In our bookcenter where I work, people sometimes come in looking for “a” book to help them understand the Bible. Their desire to deepen their appreciation of God’s Word in Sacred Scripture is commendable, so I am always sorry to disappoint them by explaining that there isn’t any one book that can give them the understanding they are looking for. Just reading books about Scripture will not give the depth of knowledge that a gradual growth in familiarity with the Bible over time will give. And so, since it’s better to start sooner than later, here are some simple ways to bring Scripture into the life of your kids. Probably you are doing some of these already. Perhaps you’ll find a new idea or two to try.
1) Read the readings for Sunday the day before
This one is for you, the parent. There are many easy ways to have access to the readings of the Liturgy of the Word: get a missal, subscribe to a periodical that provides them, use iMissal for your smart phone, go to a website. Looking up the citation in your Bible is even better, because it shows the context for the passage. The idea is that, once you know what the Scripture passages are, you will be able to make connections for your children. For example, if one of the readings involves a story covered recently at school or in a bedtime story (see number 2 below), you can alert your kids. “Junior, wait till you hear the reading from the Bible that we’re going to have at Mass today. I think it will sound familiar!” Or perhaps there is something in the reading that connects with a recent happening. (For example, being afraid in a storm—and Jesus calming the storm, or having fun climbing a tree—and reading about Zacchaeus who climbed the tree to see Jesus.) Admittedly, there isn’t always an easy connection with the Scripture reading, but if you take a peek ahead of time, you might find something you can use.

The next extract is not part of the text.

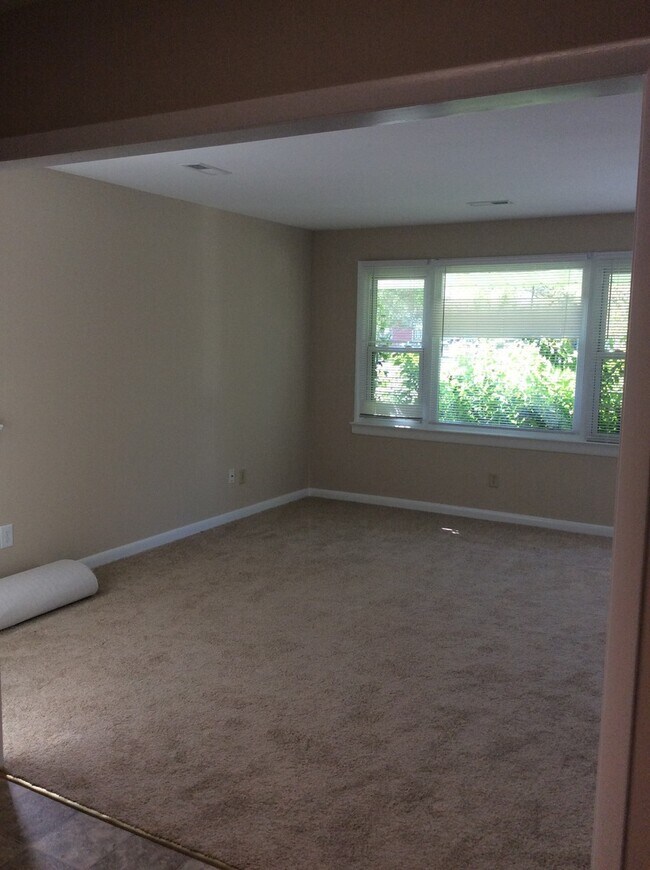 Photo - Nice home in a great neighborhood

2) Use a children’s Bible story book for bedtime stories
If you don’t already have a good, age-appropriate Bible story book, get one, and use it periodically for bedtime stories—maybe on a certain day of the week. For ages five and up, try reading my new series, the Gospel Time Trekker: chapter books involving time travel to the time of Jesus, where the children meet various characters from the Gospels and hear their stories.

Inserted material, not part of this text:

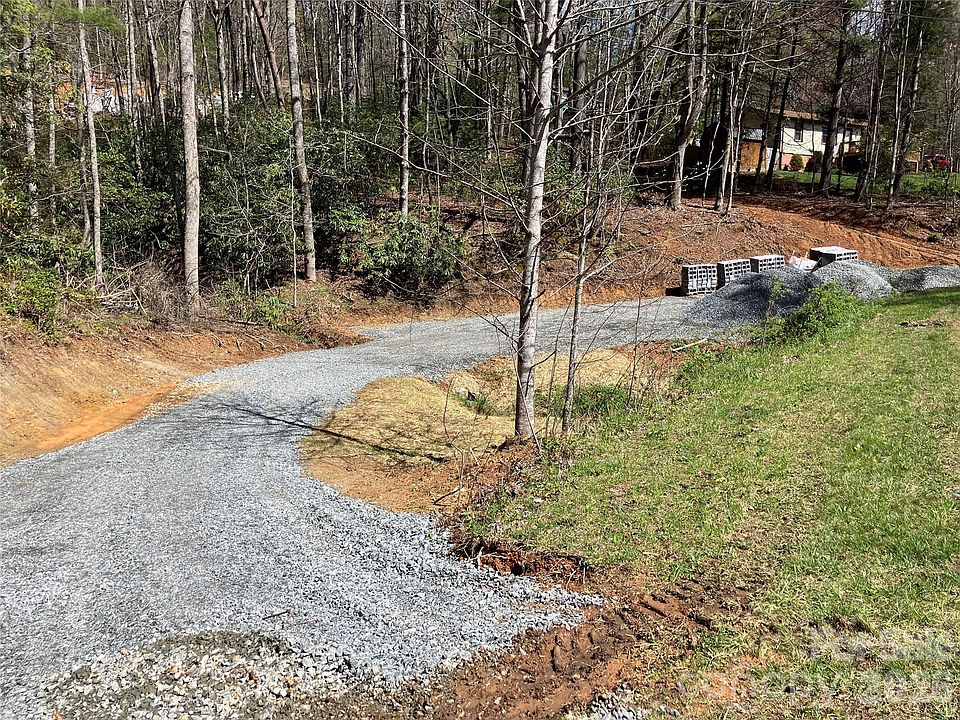 1st image of 0 Turnpike Rd #5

3) Bring Bible story books to church
For little ones, a pile of “church books” to look at during Mass can be the best thing to occupy them. These should be books that have been read to them, so they can follow the stories in the pictures, but not read too often, so they feel fresh and new when taken to church. Try switching from the Bible stories during the Liturgy of the Word to a children’s missal during the Liturgy of the Eucharist.

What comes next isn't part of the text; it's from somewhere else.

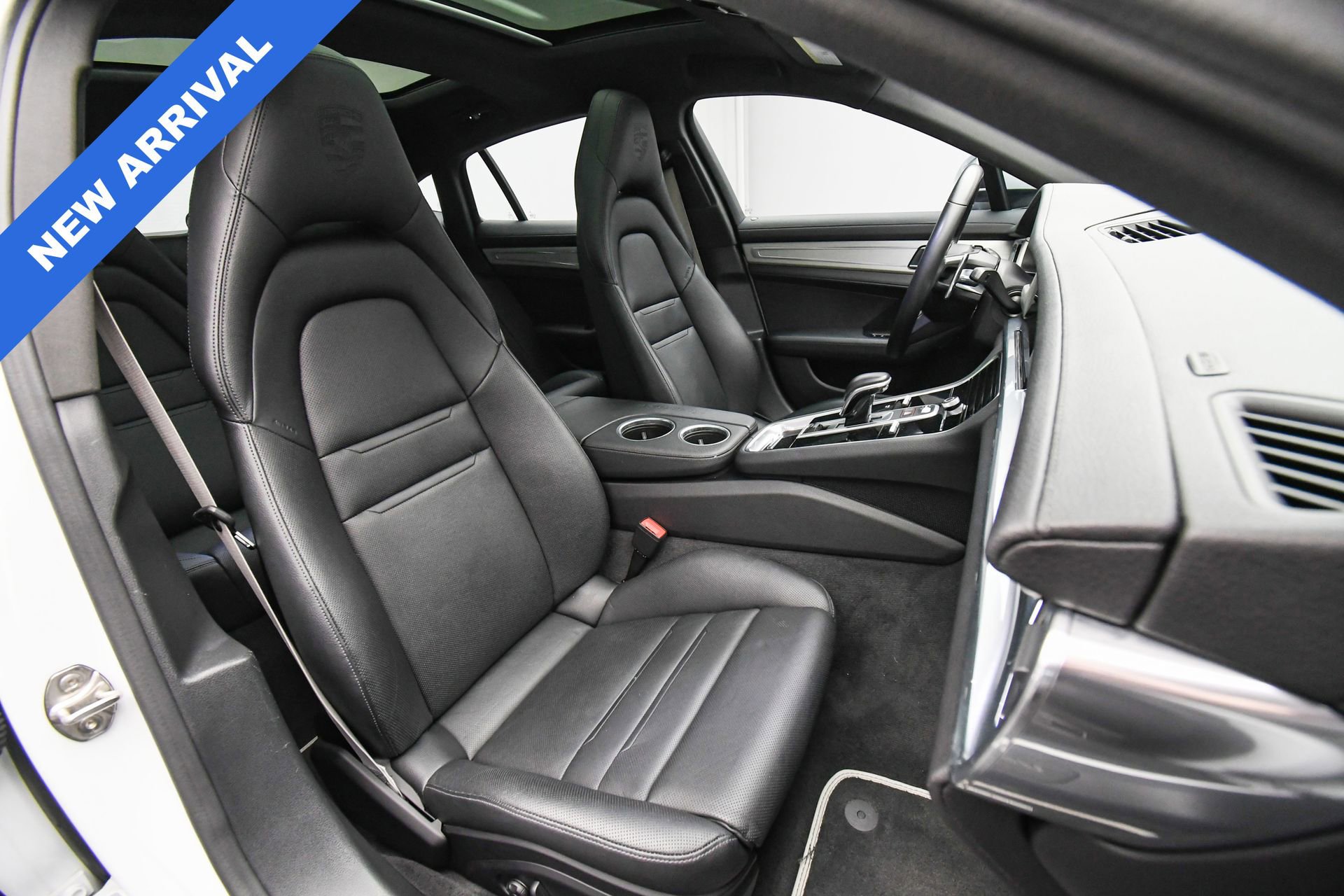 Used 2022 Porsche Panamera Platinum Edition image 17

4) Display a family Bible in your home
If you have one passed down from previous generations, consider putting it out on display in a place of honor. If you don’t have one, or if the heirloom copy is fragile or hard to read, consider getting a new one. It doesn’t have to be the very large kind usually called “family Bibles,” but just large enough to lay flat when open. You can show your children the two (unequal-sized) parts of the Old and New Testaments, and the way the Bible is really not one book but a library of books contained in one binding, and how, like in any library, there are different kinds of books in the Bible—history, stories, poetry, prayer, etc. Older children can learn how to find the chapter and verse locations from a citation. It’s like a secret code that, when cracked, allows ease of access and navigation.
5) Identify people you meet who have names from the Bible
Many biblical names are very popular now, and common among children. Most likely your kids know several children with names from characters in the Bible, and among your own friends and relatives there are likely to be more. In 2010, three of the top twenty names for girls and eleven of the top twenty names for boys were biblical names. (Jacob has topped the list since 1999!) It would be nice to look up something about these people in Scripture, whether from the Old or New Testament, and learn a little of their stories. (This works with names of saints, too!)